Sir David Attenborough stabbed by "dangerous" cactus with needles like "glass" while filming

Sir David Attenborough placed his hand inside the cholla cactus and despite wearing layers of protection sustained "painful" injury.

While shooting on the set of his latest documentary, Sir David Attenborough was stabbed by a cactus that has "glass" like needles. According to the Independent, the 95-year-old broadcaster was in California filming the BBC series The Green Planet when he came across the cholla cactus. 

Sir David described the rare plant as an "active aggressor" which is coated in "spicules of glass," he approached the cactus and put his hand inside it. Despite wearing multiple layers of protection of thick gloves, he was left with a "painful" injury on his hand. 

"The cholla really is a physical danger. It has these very dense spines in rosettes, so they point in all directions," he said recounting the experience. "And if you just brush against it, the spines are like spicules of glass, I mean they are that sharp and they go into you and you really have trouble getting them out."

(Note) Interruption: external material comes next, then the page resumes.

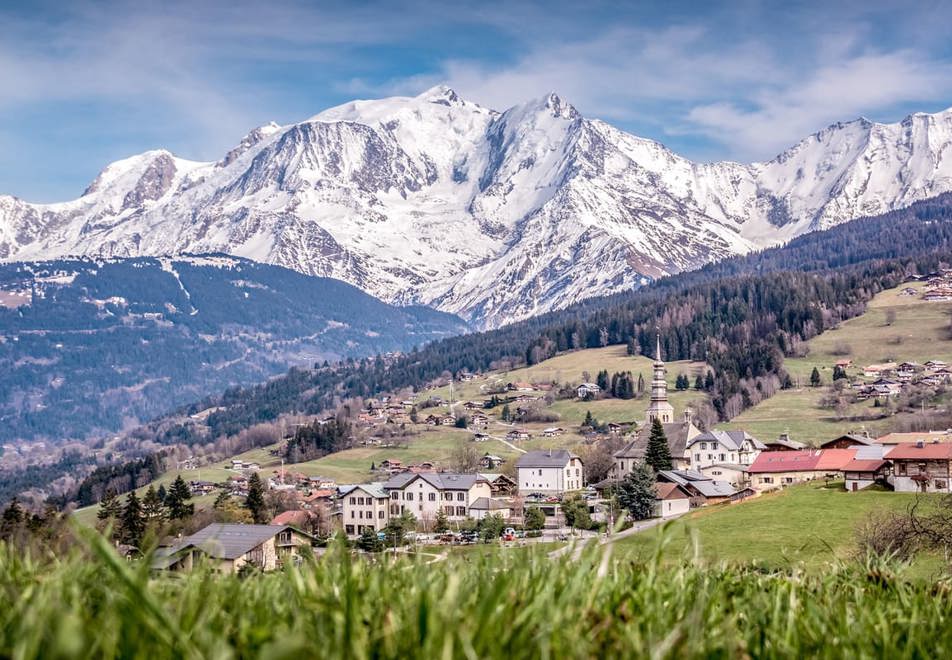 Combloux Mont Blanc views (©SuzonTissot)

He added, "So that is a really dangerous plant. The cholla is an active aggressor. I mean, you feel you better stand back and you better watch out." The executive producer of the series, Michael Gunton, was the one who suggested that Sir David be sent to try this dangerous stunt. "One of the joys of going on location is thinking up horrible things to get David to do," said Gunton.

"So what we did, because it was so dangerous, was we got a Kevlar under-glove, and then on top of that, a welding glove. So you can imagine that’s about as good protection as you could possibly get," he shared. However, what he didn't expect was for the show's legendary host to get painfully injured in the process. 

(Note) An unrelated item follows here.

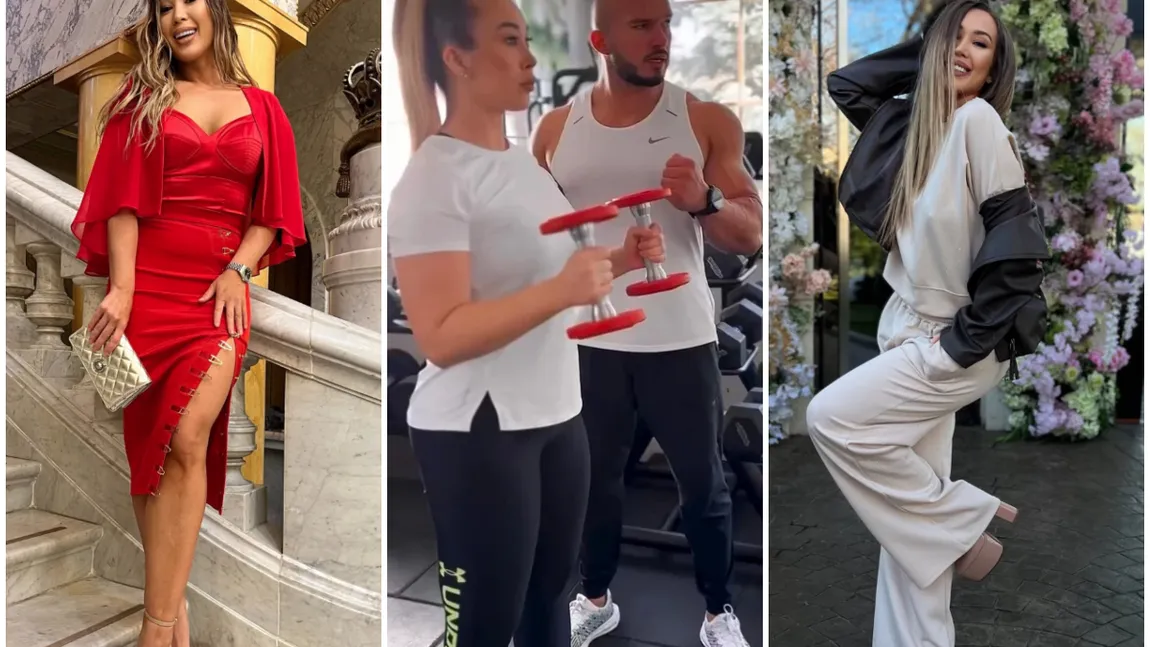 Xonia a topit 8 kg și arată mai bine ca niciodată:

"David bravely put his hand inside this cholla cactus, as requested. And halfway through it, these spikes still managed to get through those two bits of protection," he admitted. "And it’s quite painful, isn’t it?" Gunton went on to share that the cactus was "so dangerous" and animals in the area avoided it. "Not only does it puncture you, but they sort of act like a trap," he explained.


"So if you put your hand into it, you can’t remove your fingers and you do unfortunately find grisly signs of an animal that has gone and got trapped by it," he added. The Green Planet is an upcoming three-part series from the BBC’s Natural History Unit. In this, we will see the natural historian getting up and close with quite a number of plants from the US to Costa Rica and across Europe.

Filmed in 26 countries over four years, the documentary aims to show "how science and technologies have advanced, and how our understanding of the ways in which plants behave and interact has evolved." It also revealed the intricate loves of plants and how their existence affects the ecosystem around them.